Data section:
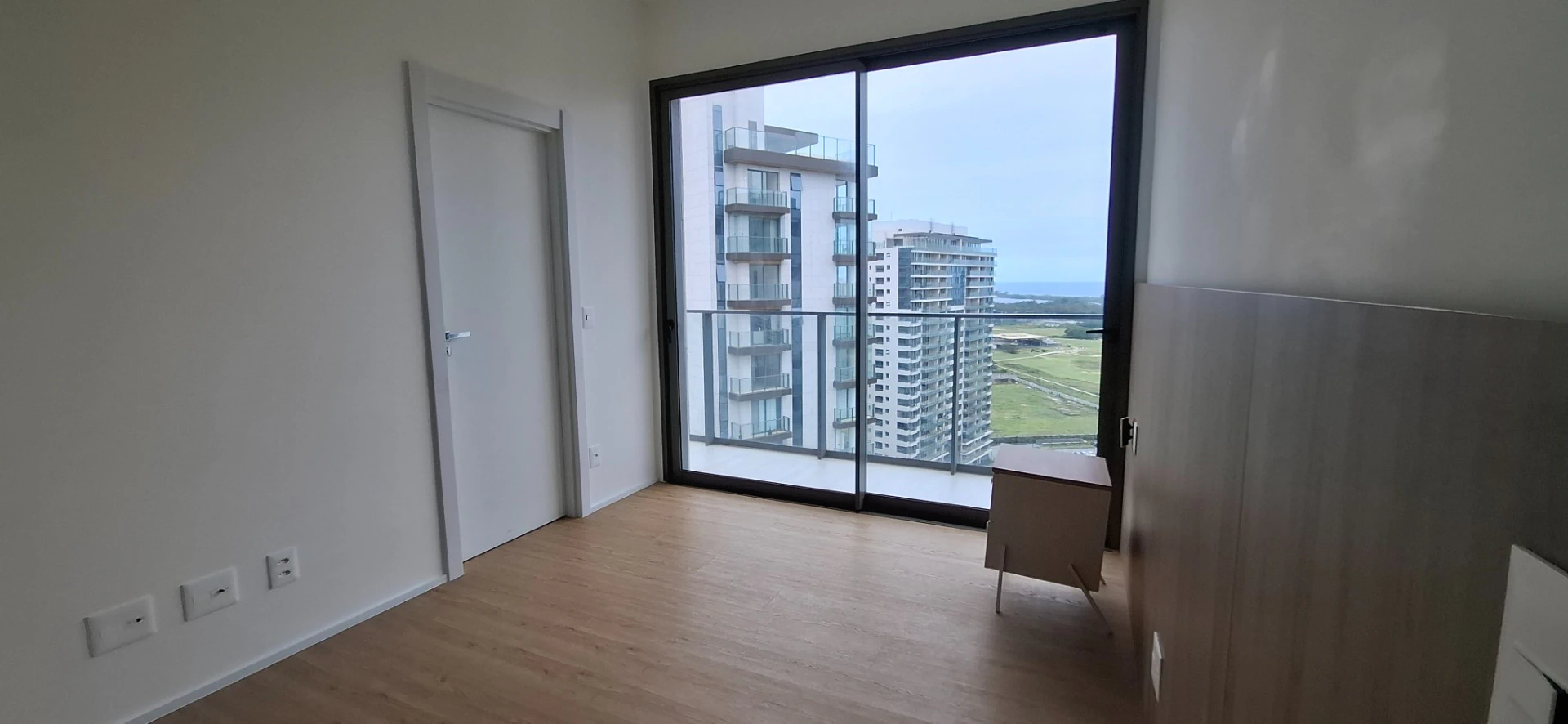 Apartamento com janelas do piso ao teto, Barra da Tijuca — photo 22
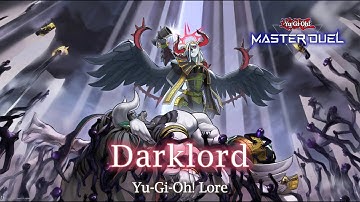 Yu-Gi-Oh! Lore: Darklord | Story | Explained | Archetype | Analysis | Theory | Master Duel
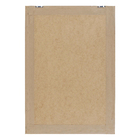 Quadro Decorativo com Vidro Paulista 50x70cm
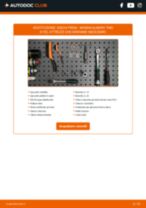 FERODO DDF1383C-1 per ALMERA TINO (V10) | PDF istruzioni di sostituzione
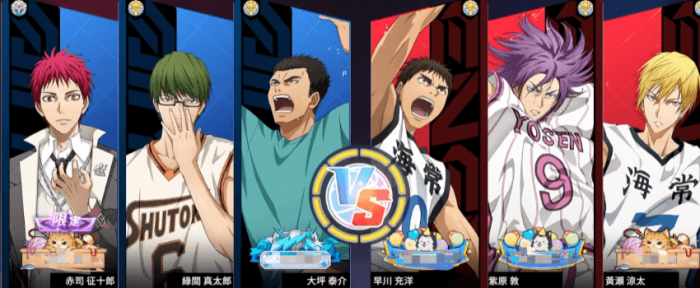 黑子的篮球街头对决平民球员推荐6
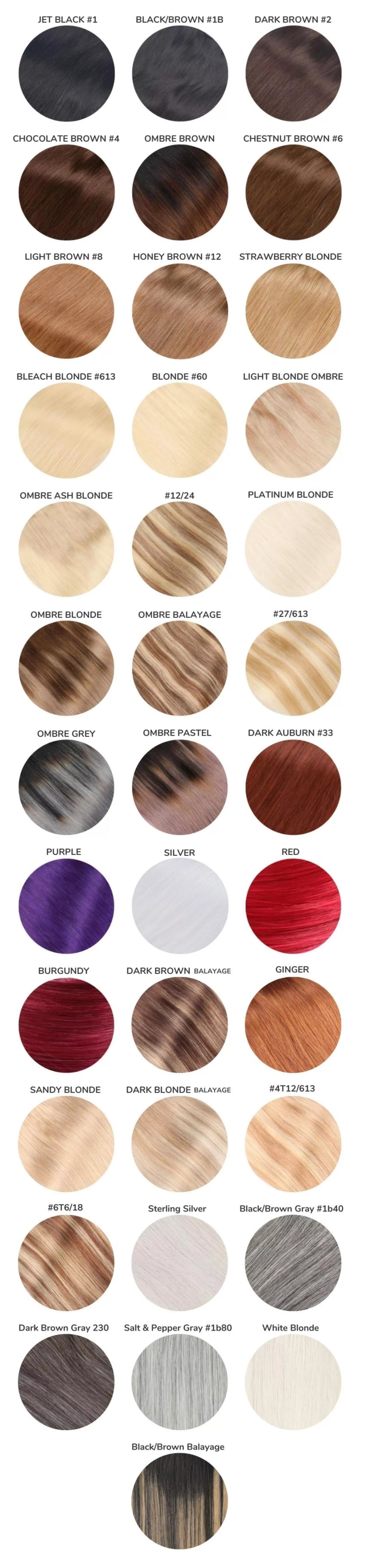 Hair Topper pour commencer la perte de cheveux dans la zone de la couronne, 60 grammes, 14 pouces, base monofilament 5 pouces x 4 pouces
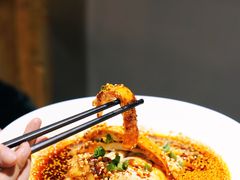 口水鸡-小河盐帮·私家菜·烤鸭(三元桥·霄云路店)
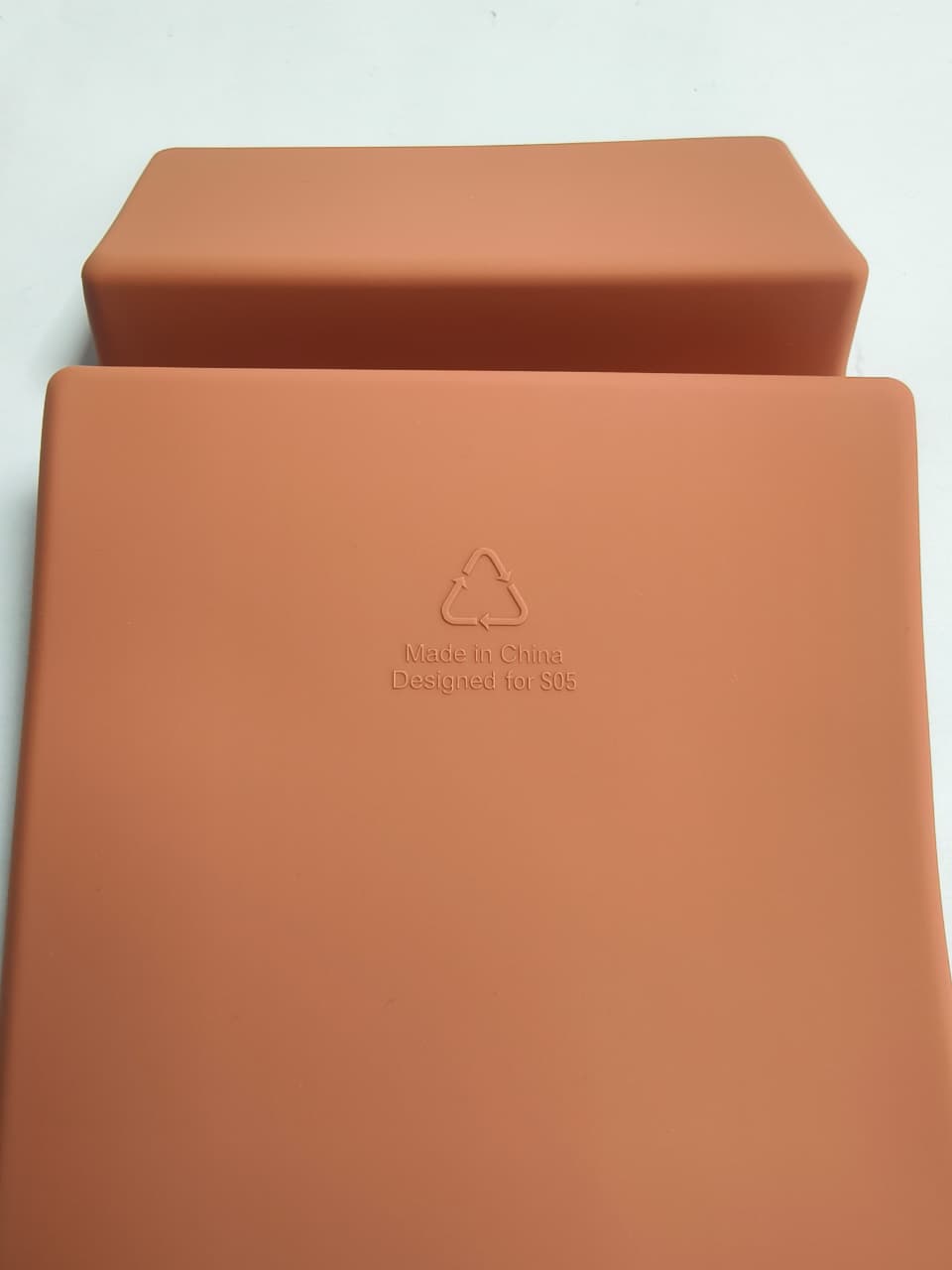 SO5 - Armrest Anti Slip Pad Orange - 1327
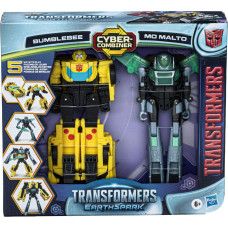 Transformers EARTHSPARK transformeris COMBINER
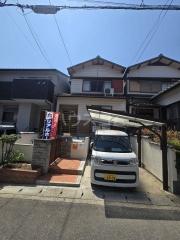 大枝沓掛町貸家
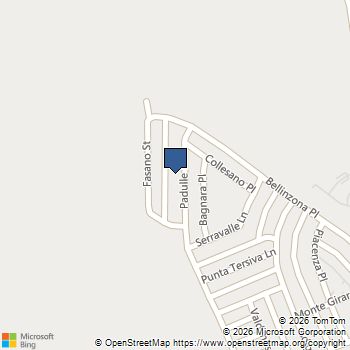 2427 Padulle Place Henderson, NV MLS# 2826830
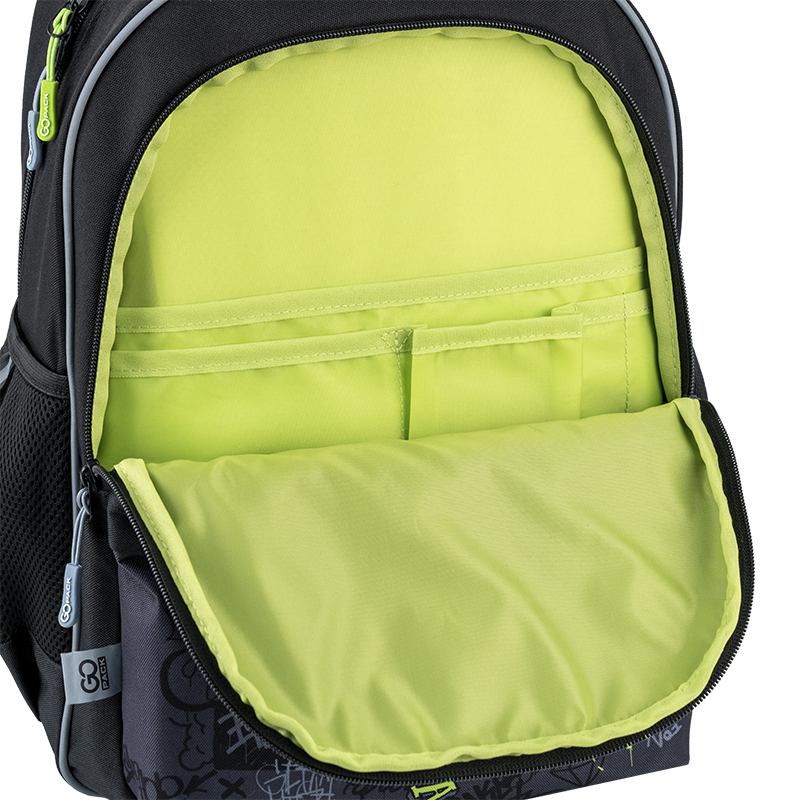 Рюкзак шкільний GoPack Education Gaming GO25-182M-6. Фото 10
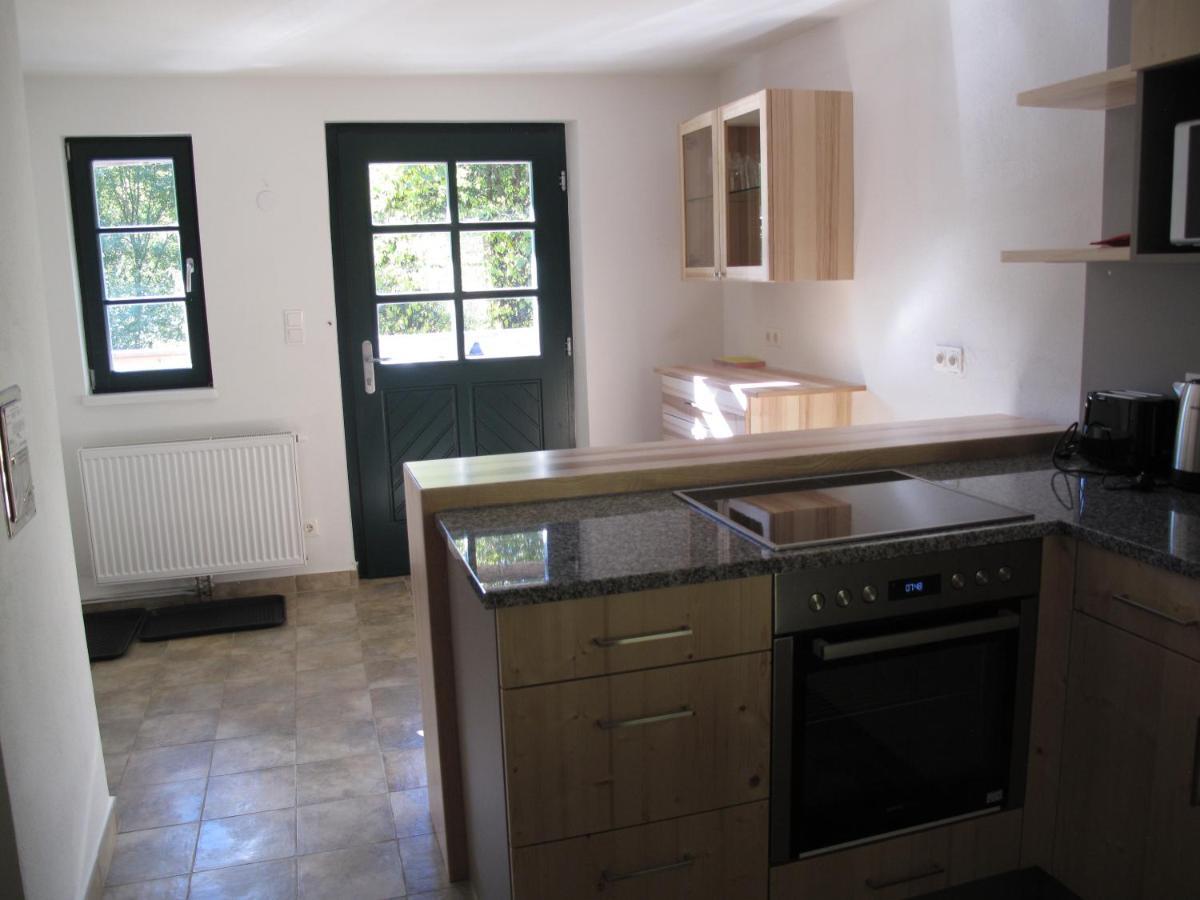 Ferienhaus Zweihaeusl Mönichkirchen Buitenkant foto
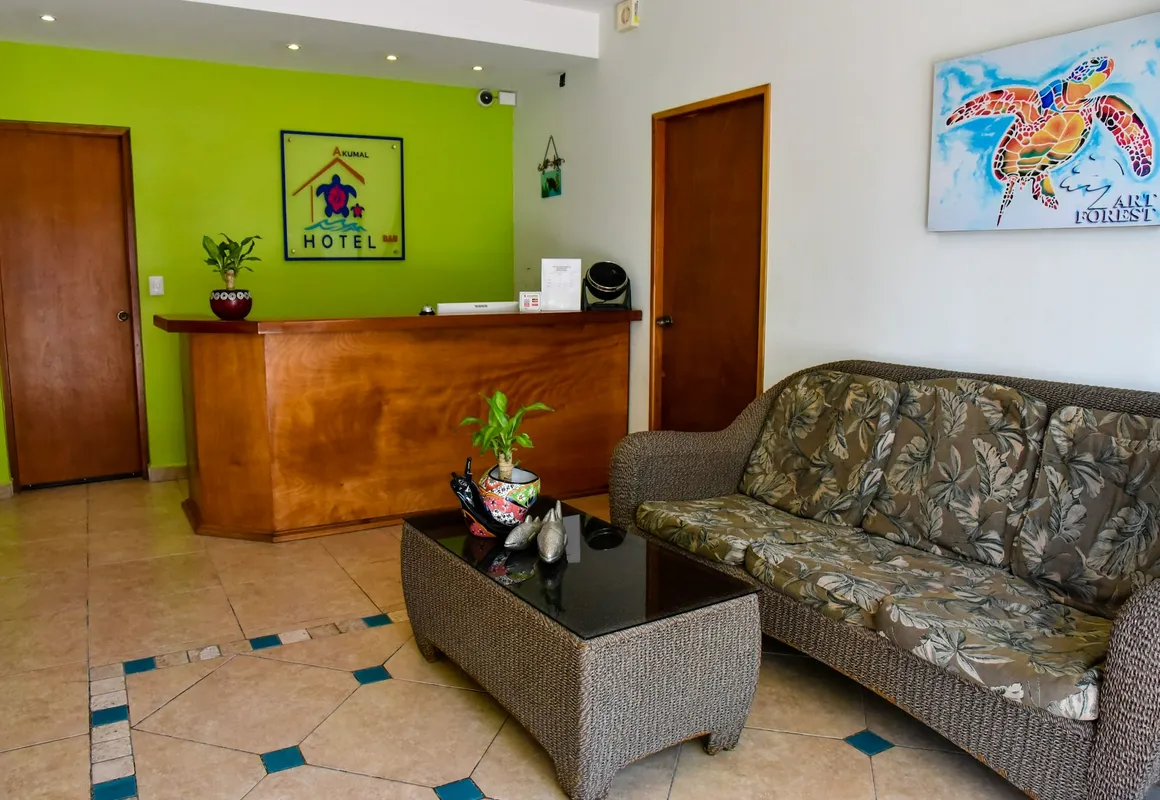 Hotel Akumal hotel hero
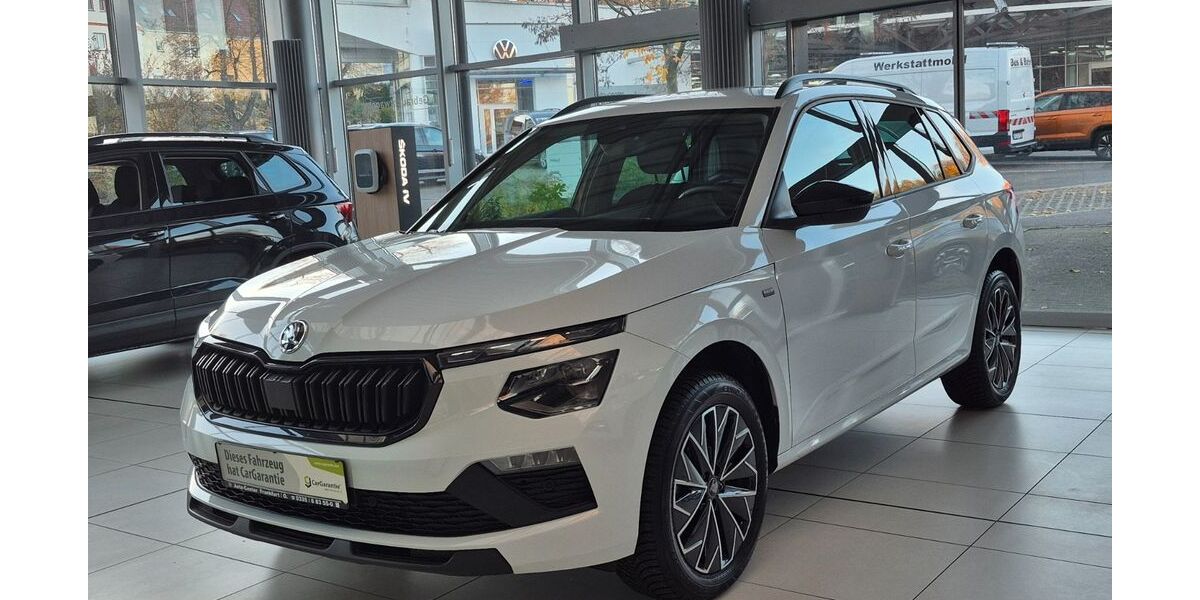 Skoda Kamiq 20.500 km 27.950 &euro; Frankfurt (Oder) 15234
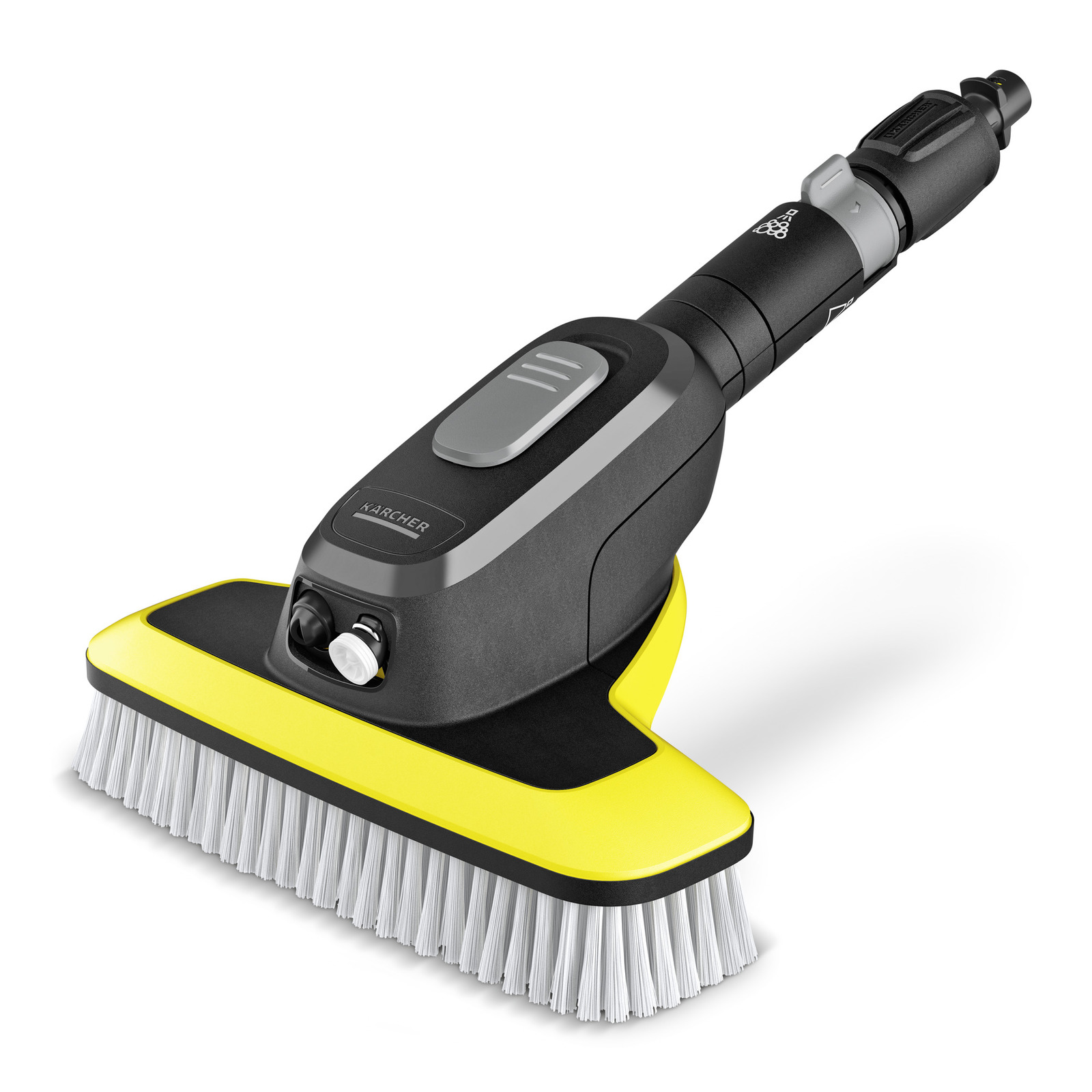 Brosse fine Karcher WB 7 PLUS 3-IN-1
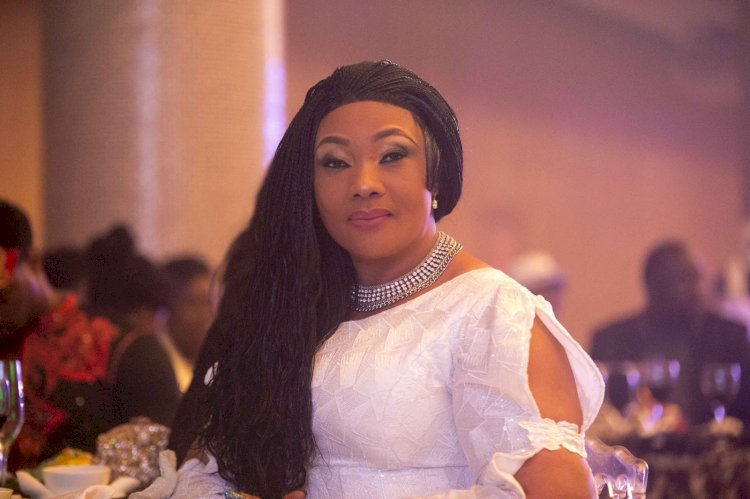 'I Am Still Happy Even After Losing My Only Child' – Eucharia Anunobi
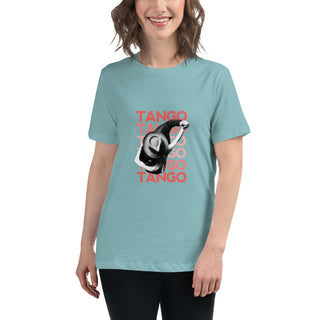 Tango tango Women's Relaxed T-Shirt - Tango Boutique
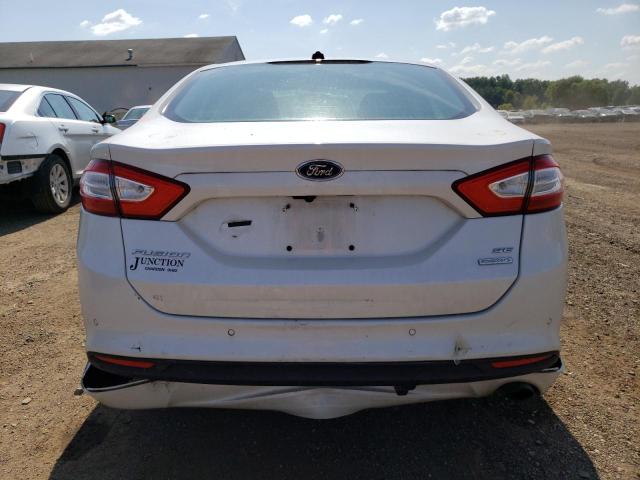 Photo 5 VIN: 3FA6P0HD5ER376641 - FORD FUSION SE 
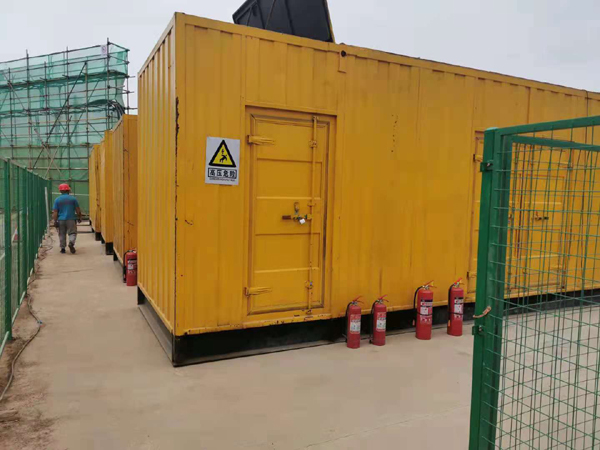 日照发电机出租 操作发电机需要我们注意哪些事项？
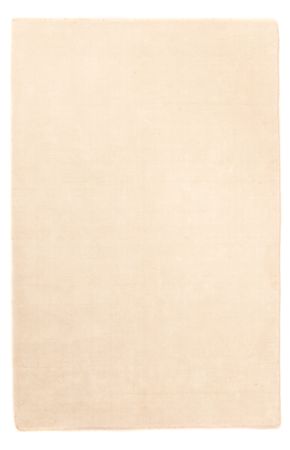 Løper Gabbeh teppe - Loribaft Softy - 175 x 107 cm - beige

Task to carry out: Write out all of the data above exactly, pictures excluded.

Solution to this problem:
 Apartamento com janelas do piso ao teto, Barra da Tijuca — photo 22
 Yu-Gi-Oh! Lore: Darklord | Story | Explained | Archetype | Analysis | Theory | Master Duel
 Quadro Decorativo com Vidro Paulista 50x70cm
 FERODO DDF1383C-1 per ALMERA TINO (V10) | PDF istruzioni di sostituzione
 黑子的篮球街头对决平民球员推荐6
 Hair Topper pour commencer la perte de cheveux dans la zone de la couronne, 60 grammes, 14 pouces, base monofilament 5 pouces x 4 pouces
 口水鸡-小河盐帮·私家菜·烤鸭(三元桥·霄云路店)
 SO5 - Armrest Anti Slip Pad Orange - 1327
 Transformers EARTHSPARK transformeris COMBINER
 大枝沓掛町貸家
 2427 Padulle Place Henderson, NV MLS# 2826830
 Рюкзак шкільний GoPack Education Gaming GO25-182M-6. Фото 10
 Ferienhaus Zweihaeusl Mönichkirchen Buitenkant foto
 Hotel Akumal hotel hero
 Skoda Kamiq 20.500 km 27.950 &euro; Frankfurt (Oder) 15234
 Brosse fine Karcher WB 7 PLUS 3-IN-1
 'I Am Still Happy Even After Losing My Only Child' – Eucharia Anunobi
 Tango tango Women's Relaxed T-Shirt - Tango Boutique
 Photo 5 VIN: 3FA6P0HD5ER376641 - FORD FUSION SE 
 日照发电机出租 操作发电机需要我们注意哪些事项？
 Løper Gabbeh teppe - Loribaft Softy - 175 x 107 cm - beige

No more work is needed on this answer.